監督は、リチャード・ロンクレイン。2014年のアメリカ映画。

感想
モーガン・フリーマンダイアン・キートンが夫婦という設定で、映画の訴求力としては満点。40年住んだアパートだが二人も寄る年波には勝てず、エレベーターなしの5階の部屋は少々きつく売りに出すことになり、映画の前半は、その内覧会の様子のあわただしさが描かれる。テンポよく、人物の出し入れの呼吸も悪くなく、さまざまなニューヨーカーの姿がどこか滑稽に描写されていく。次の部屋を探すためにふたりもあちこちと見て回ると、毎度顔を合わせる人たちがいる。彼らの様子なども可笑しく愉しく、まだそれぞれの人生の断片も見えて悪くなし。そんな描写の間に、ふたりの40年の間にあった、ふとした出来事の記憶が断片的に挿入される。若き日の二人を演じる、コーリー・ジャクソンとクレア・ヴァン・ダー・ブームもいいが、特にクレアは、若い頃のダイアン・キートンの姿が目に浮かぶ再現ぶり。そしてこれらと並行して、橋で起きた爆破事件と逃亡する犯人(と思われるイスラム系)の男の行方、愛犬の手術(1万ドルかかる…)のことなども描かれていく。

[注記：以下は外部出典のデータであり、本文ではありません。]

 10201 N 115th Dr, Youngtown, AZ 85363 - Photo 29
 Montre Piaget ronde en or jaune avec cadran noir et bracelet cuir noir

が、例えばそれらがスケッチのように描かれるのであれば、それは映画の一風景として受け入れられたように思うが、いかにも意味があることとして描かれ、ドラマの後半では展開上のきっかけにも利用される重要な要素となる割には、うまく使い切れていない感じが強い。全体の見せ方があまりにも実直に過ぎることでごくごく平凡な映画になってしまっているのは勿体ないとは思ったが、そのあっさりとしたところも味と言えば言えなくもない。彼らが如何に、このアパートとこの街とこの生活を大切にしてきたか、また思っているかという所が、実直過ぎて繰り返しのような見せ方となり、結果、映画全体が平板な印象になっている。不動産業をやっているシンシア・ニクソン(キートンの姪だったかの役)が、振り回されて儲け無し、となった途端に悪態をついて去っていくのも、笑っていいのやらどうしていいのやら。現実はそんなものなのだろうけれど、後味はあまりよろしくなかった。

一見、いい映画風にまとめられているので、悪口が言いにくいところも罪深い。90分そこそこの映画だが、処理の仕方が好みと違い過ぎ、またありきたり過ぎて、大変長く感じた。